Task instructions:
When you reach a picture, pass over it; otherwise repeat the listing word for word.

Data to examine:
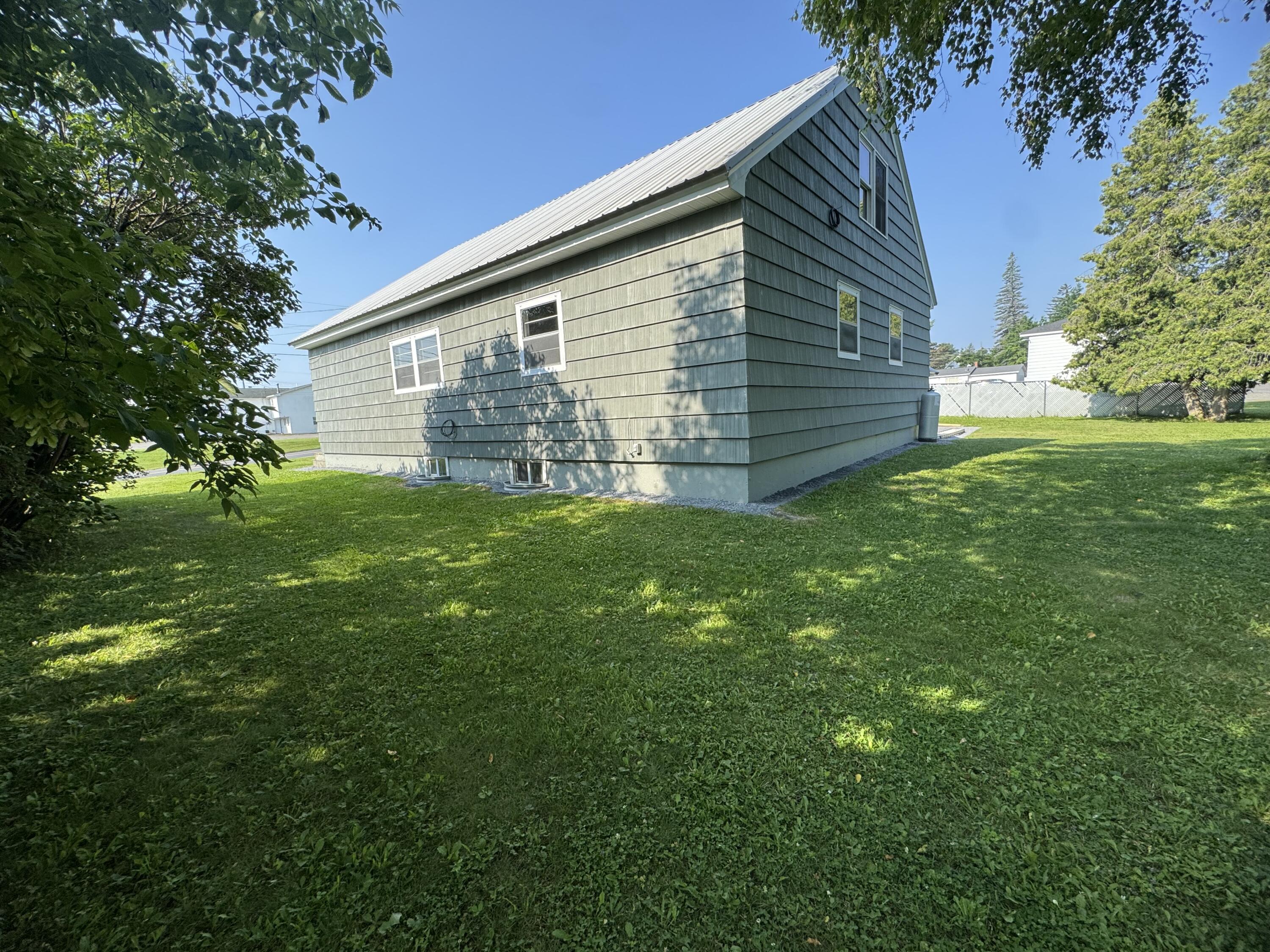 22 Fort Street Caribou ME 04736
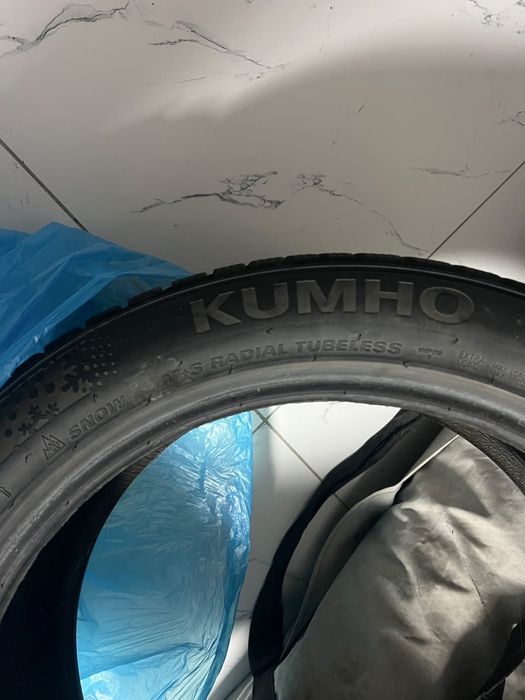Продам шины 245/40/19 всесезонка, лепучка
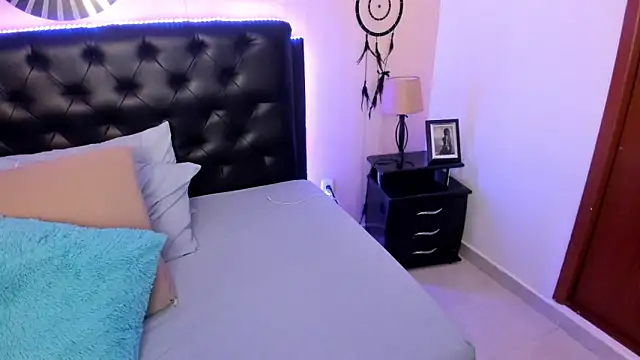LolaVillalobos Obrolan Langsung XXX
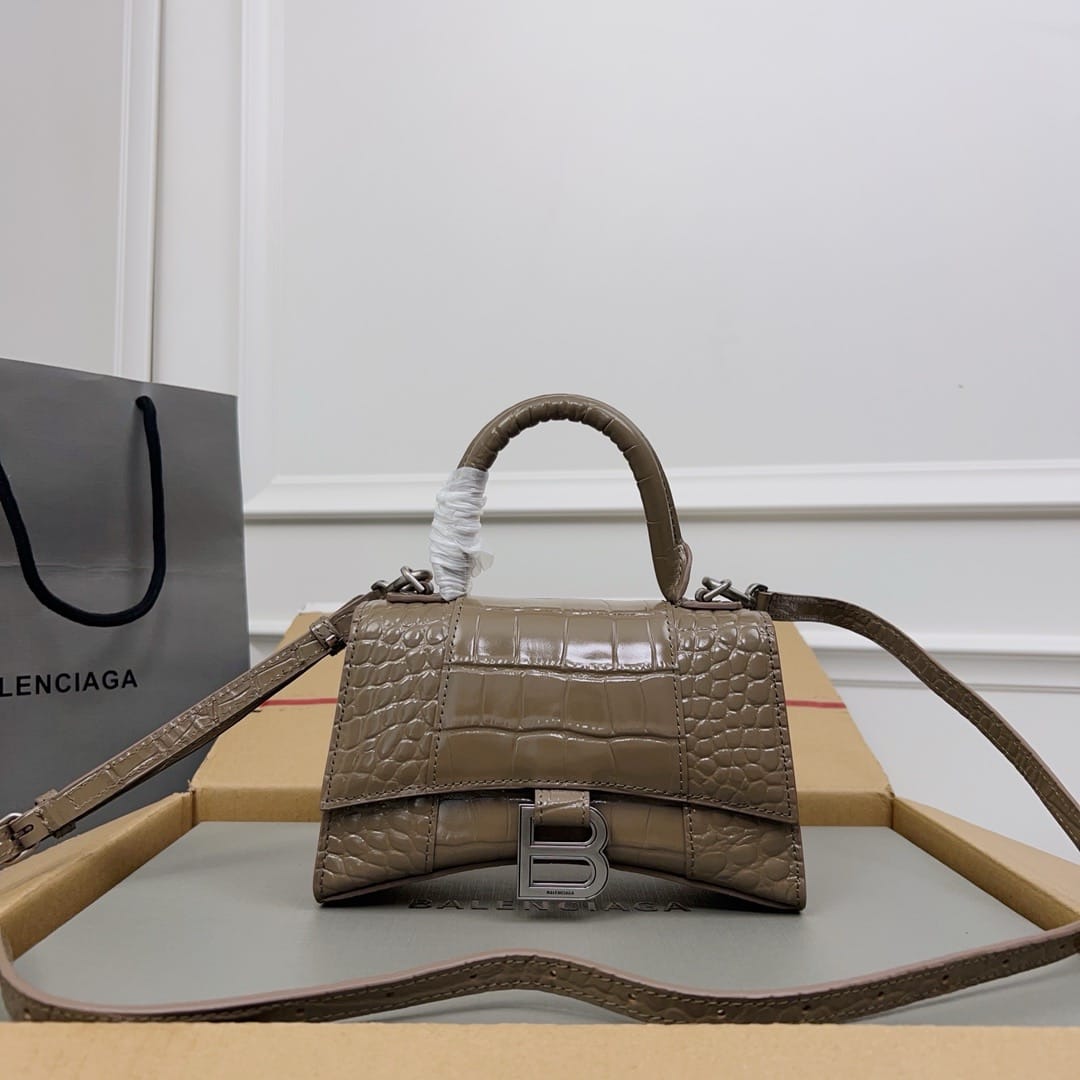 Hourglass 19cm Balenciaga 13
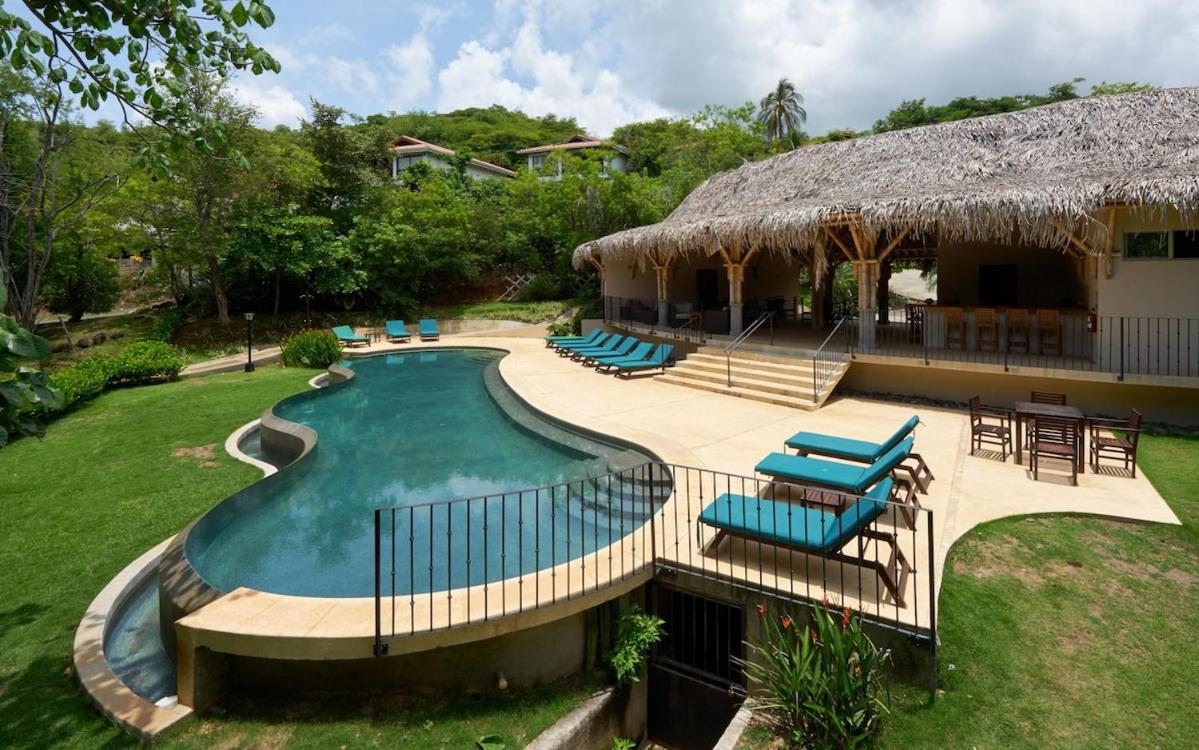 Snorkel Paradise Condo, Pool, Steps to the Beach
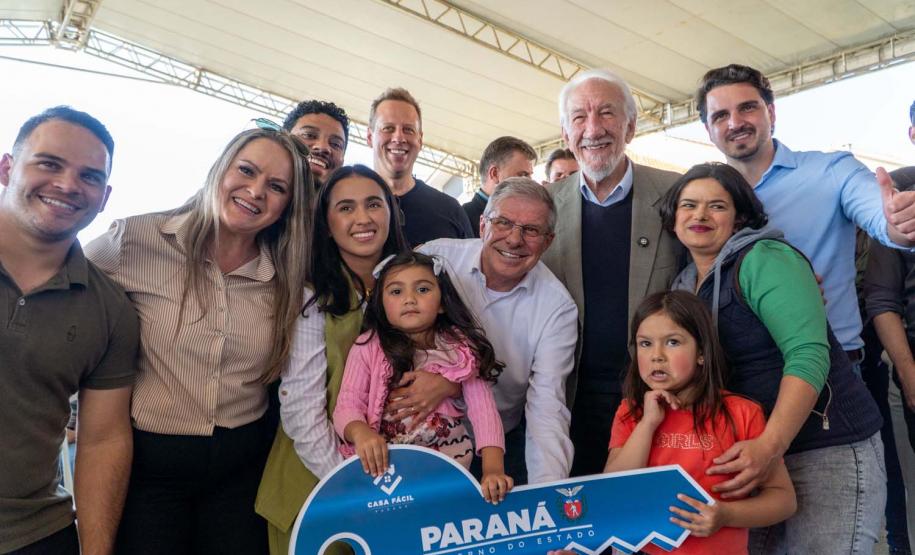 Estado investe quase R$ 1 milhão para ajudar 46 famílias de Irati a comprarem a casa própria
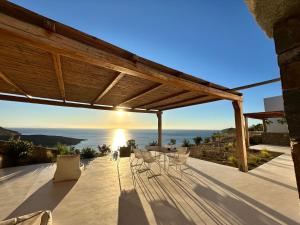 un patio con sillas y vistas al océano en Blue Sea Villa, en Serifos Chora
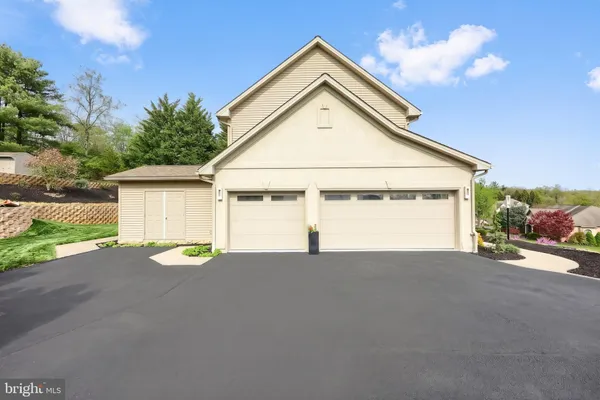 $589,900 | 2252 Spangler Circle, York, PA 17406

Reply:
 22 Fort Street Caribou ME 04736
Продам шины 245/40/19 всесезонка, лепучка
LolaVillalobos Obrolan Langsung XXX
 Hourglass 19cm Balenciaga 13
 Snorkel Paradise Condo, Pool, Steps to the Beach
 Estado investe quase R$ 1 milhão para ajudar 46 famílias de Irati a comprarem a casa própria
 un patio con sillas y vistas al océano en Blue Sea Villa, en Serifos Chora
 $589,900 | 2252 Spangler Circle, York, PA 17406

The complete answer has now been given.